Scraped caption text data:

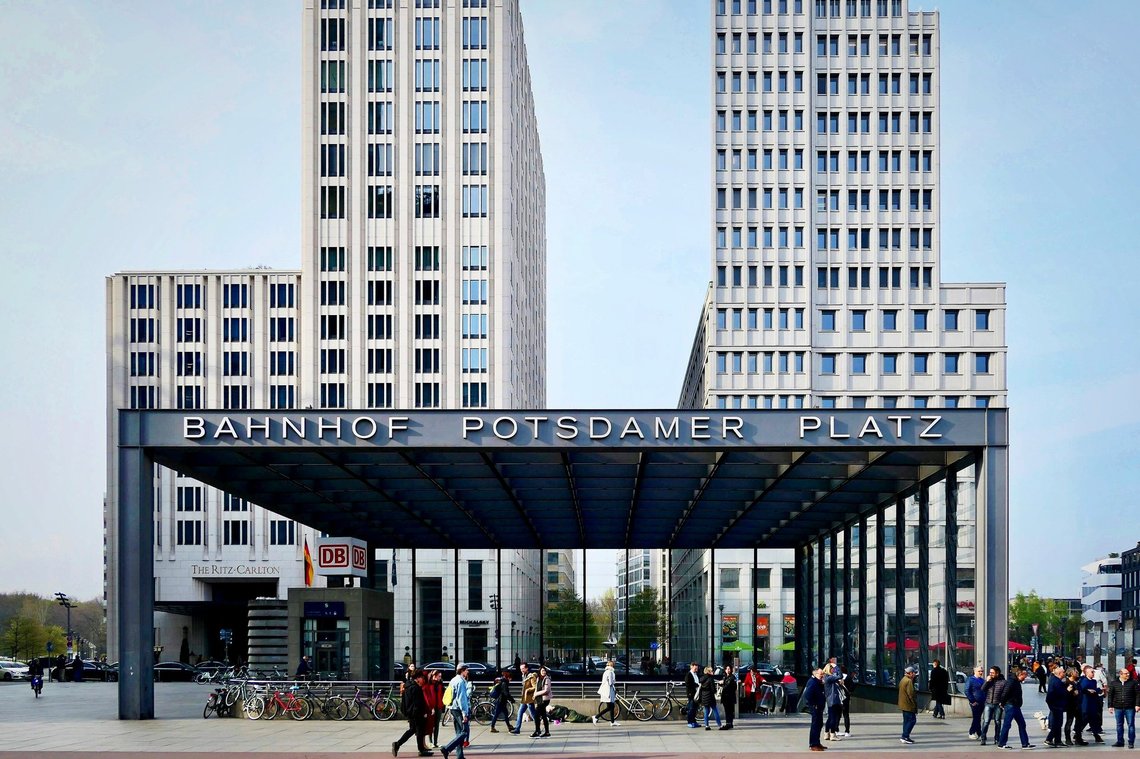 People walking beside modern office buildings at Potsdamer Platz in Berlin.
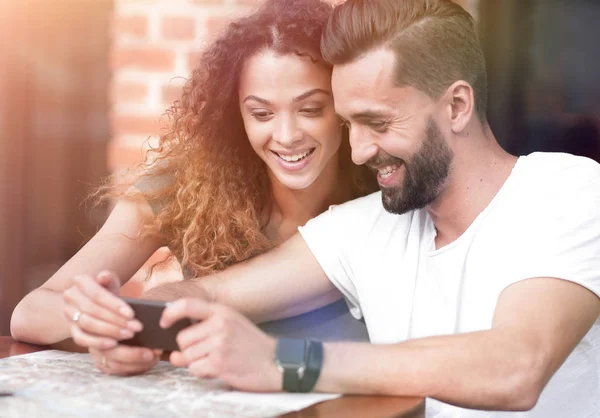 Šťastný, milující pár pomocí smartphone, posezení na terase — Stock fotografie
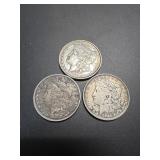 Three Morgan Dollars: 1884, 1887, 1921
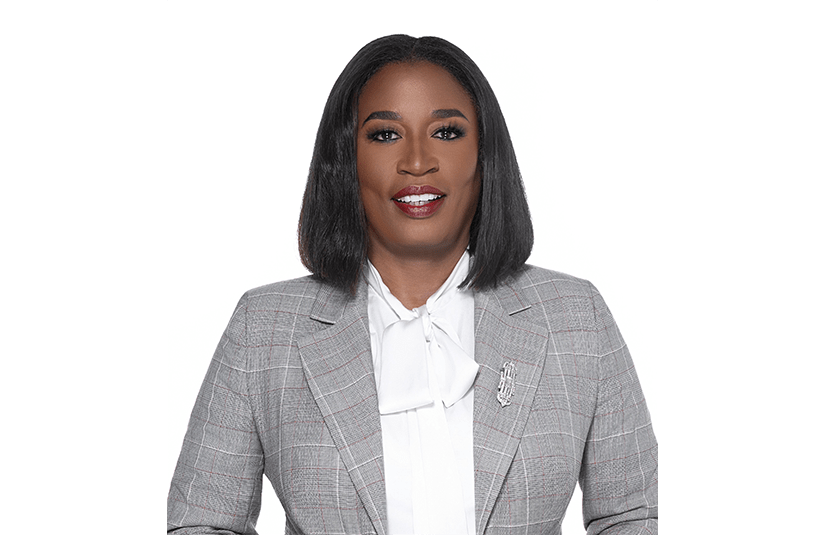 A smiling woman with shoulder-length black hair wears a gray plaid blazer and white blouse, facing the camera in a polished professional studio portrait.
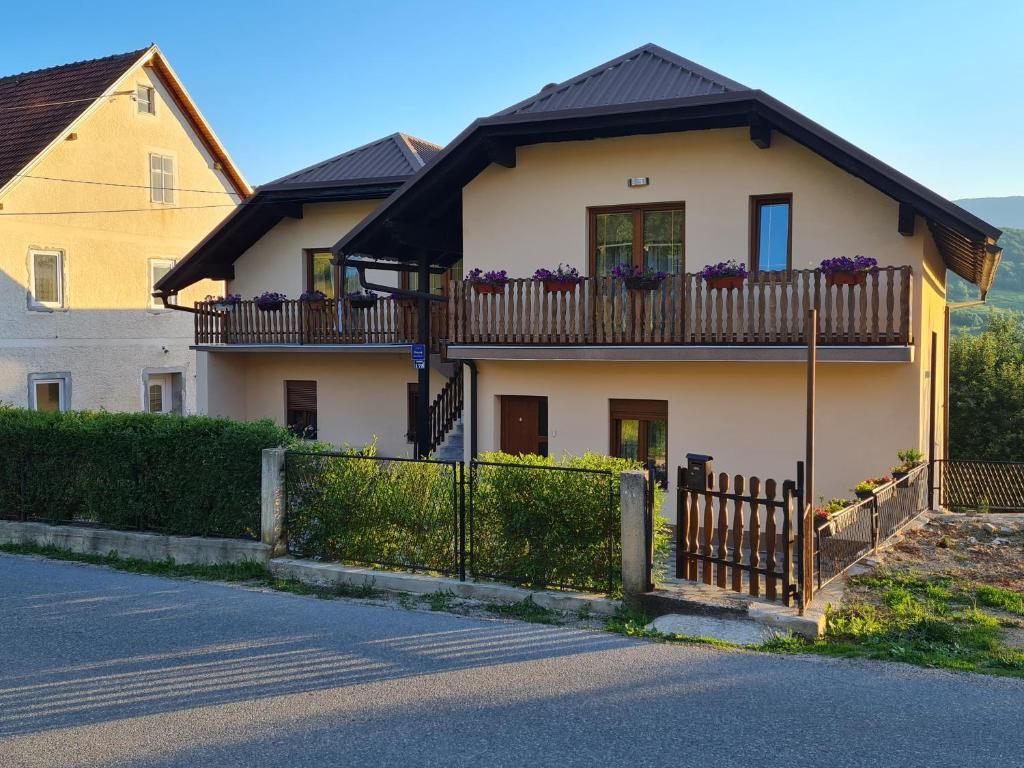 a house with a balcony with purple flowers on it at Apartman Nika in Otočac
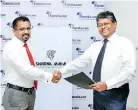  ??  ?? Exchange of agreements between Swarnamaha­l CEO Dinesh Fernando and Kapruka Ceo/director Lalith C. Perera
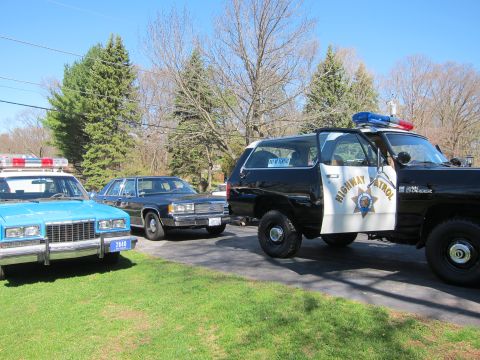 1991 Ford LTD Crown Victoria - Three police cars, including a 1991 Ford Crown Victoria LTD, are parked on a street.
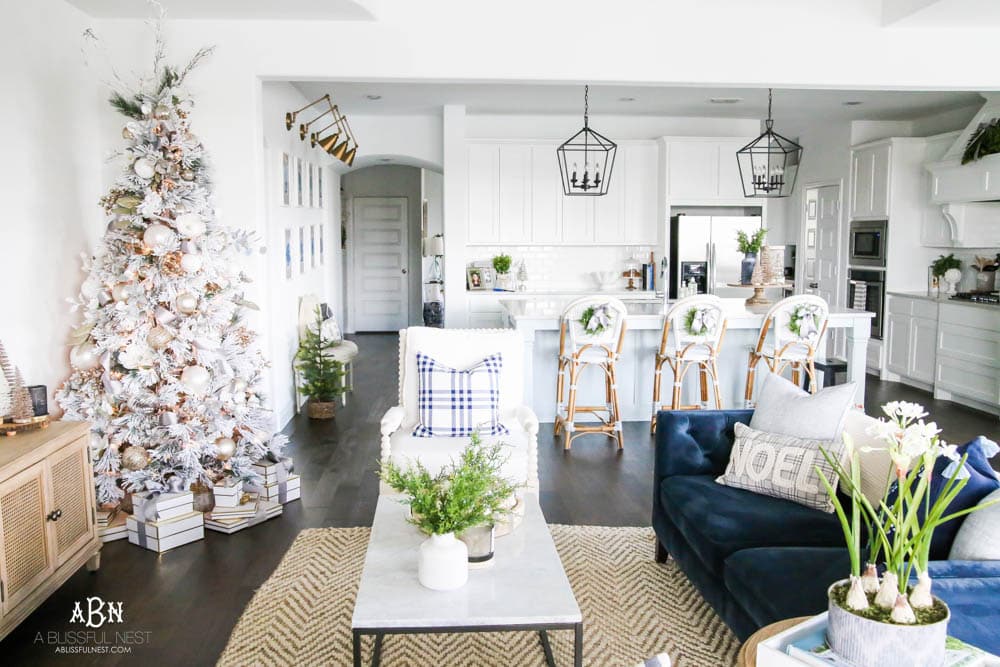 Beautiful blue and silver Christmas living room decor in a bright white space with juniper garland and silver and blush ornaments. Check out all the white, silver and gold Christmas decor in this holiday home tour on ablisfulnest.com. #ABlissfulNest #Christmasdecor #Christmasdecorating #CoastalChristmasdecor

==

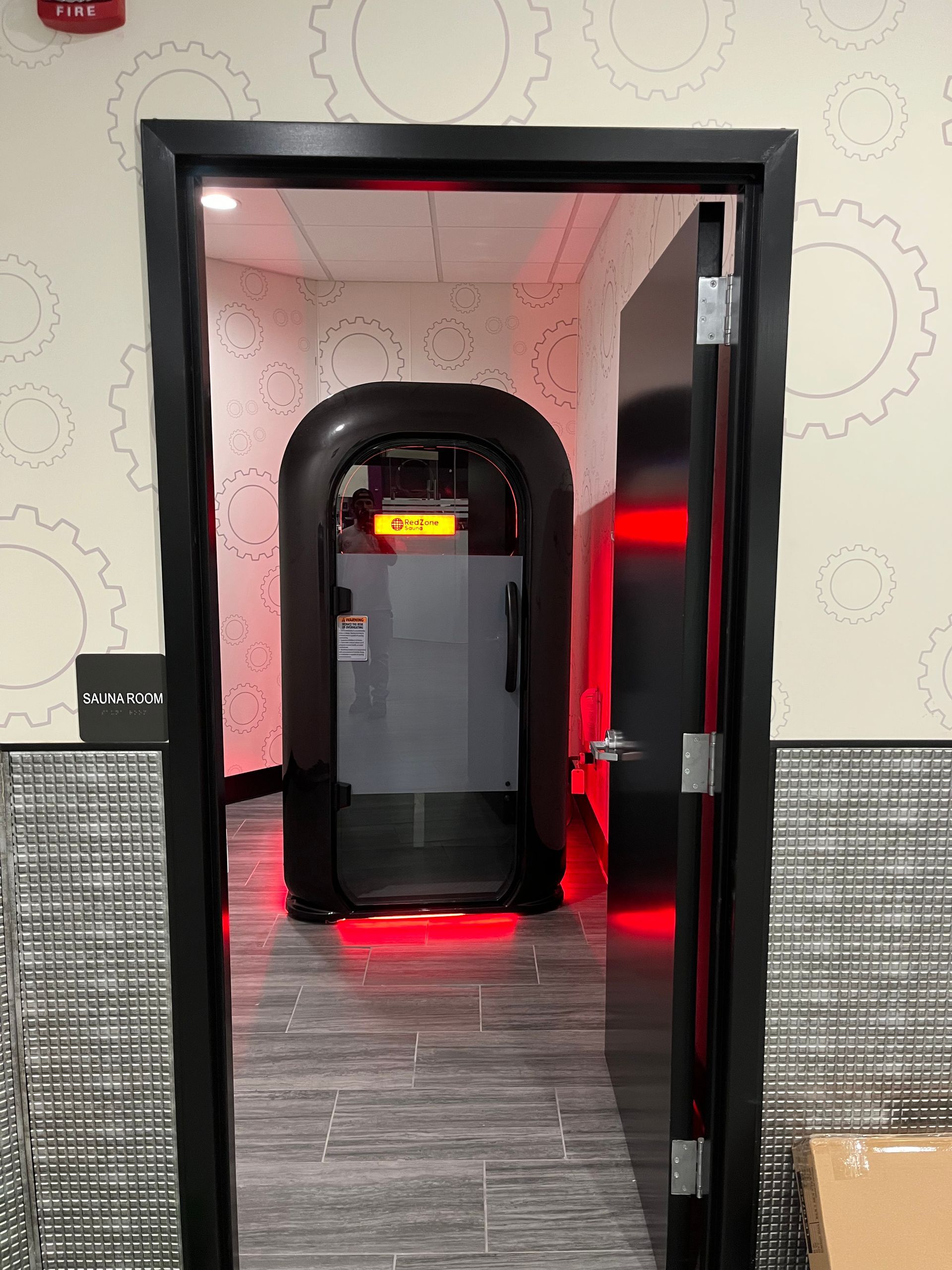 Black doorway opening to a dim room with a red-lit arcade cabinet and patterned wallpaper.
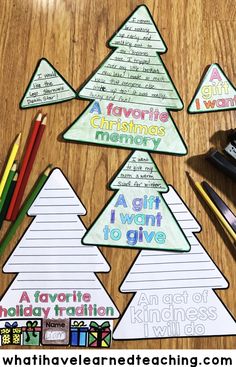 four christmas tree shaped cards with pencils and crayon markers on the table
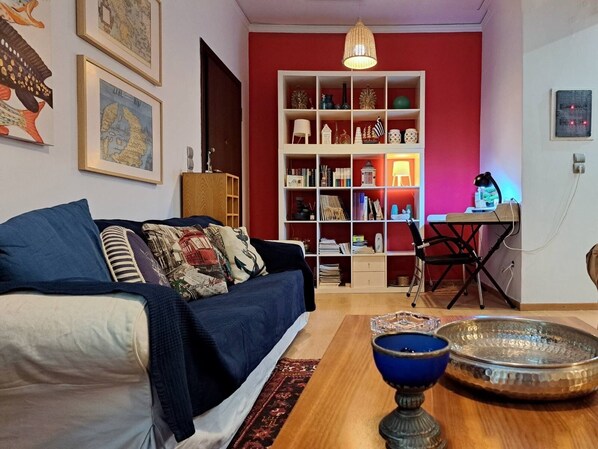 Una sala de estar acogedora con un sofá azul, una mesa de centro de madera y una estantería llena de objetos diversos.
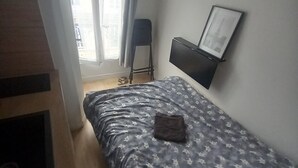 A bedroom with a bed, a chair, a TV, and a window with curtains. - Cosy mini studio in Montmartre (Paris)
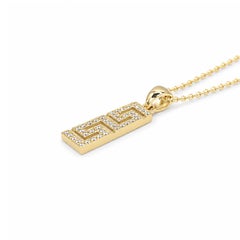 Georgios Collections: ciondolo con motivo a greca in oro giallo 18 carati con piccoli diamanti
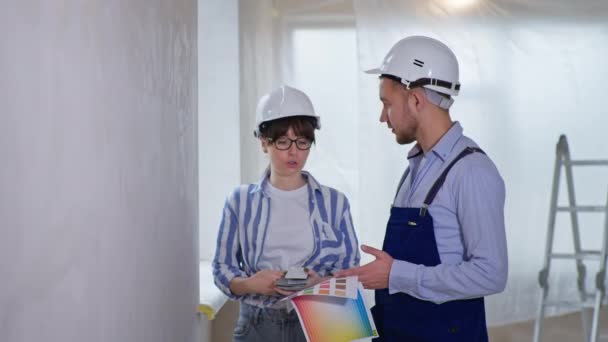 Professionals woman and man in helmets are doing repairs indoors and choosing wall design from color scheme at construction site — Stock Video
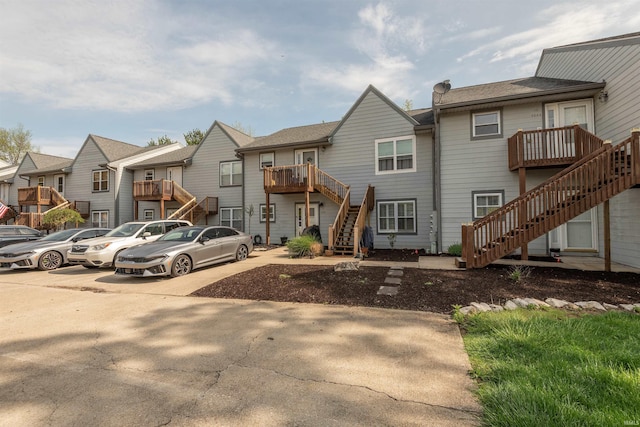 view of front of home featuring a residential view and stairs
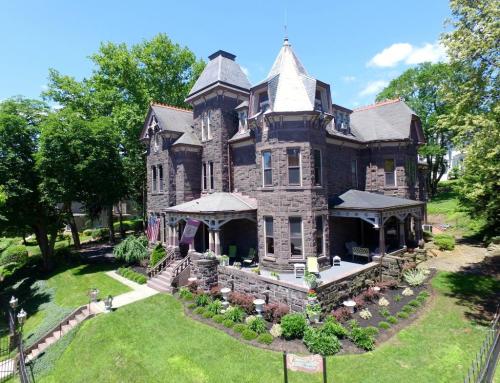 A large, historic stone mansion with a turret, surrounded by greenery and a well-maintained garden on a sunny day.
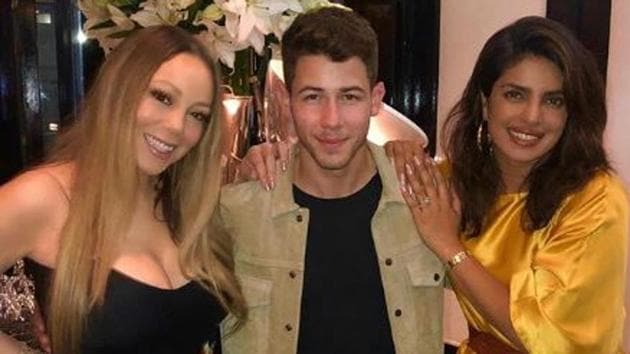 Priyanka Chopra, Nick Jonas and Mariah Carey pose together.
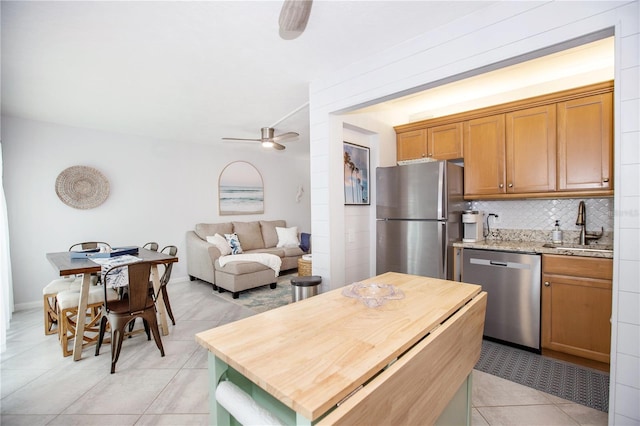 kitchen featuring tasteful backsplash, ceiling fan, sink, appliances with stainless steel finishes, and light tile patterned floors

---

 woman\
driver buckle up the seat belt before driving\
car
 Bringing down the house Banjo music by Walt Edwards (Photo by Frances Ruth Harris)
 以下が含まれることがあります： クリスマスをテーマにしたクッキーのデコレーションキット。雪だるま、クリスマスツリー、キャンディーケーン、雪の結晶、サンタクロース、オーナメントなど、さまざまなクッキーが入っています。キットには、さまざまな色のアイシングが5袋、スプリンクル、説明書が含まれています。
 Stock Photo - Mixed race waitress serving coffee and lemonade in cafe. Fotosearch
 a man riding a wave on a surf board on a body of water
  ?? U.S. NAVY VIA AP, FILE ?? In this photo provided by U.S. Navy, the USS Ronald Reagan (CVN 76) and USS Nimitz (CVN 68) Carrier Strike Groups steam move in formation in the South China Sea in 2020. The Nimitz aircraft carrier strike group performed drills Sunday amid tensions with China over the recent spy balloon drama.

#### Brief:
Only the lines starting at the one that includes "A large, historic" and ending at the one that includes "kitchen featuring tasteful" should be retyped, exactly, from the records above; no pictures.

#### Response to this task:
 A large, historic stone mansion with a turret, surrounded by greenery and a well-maintained garden on a sunny day.
 Priyanka Chopra, Nick Jonas and Mariah Carey pose together.
 kitchen featuring tasteful backsplash, ceiling fan, sink, appliances with stainless steel finishes, and light tile patterned floors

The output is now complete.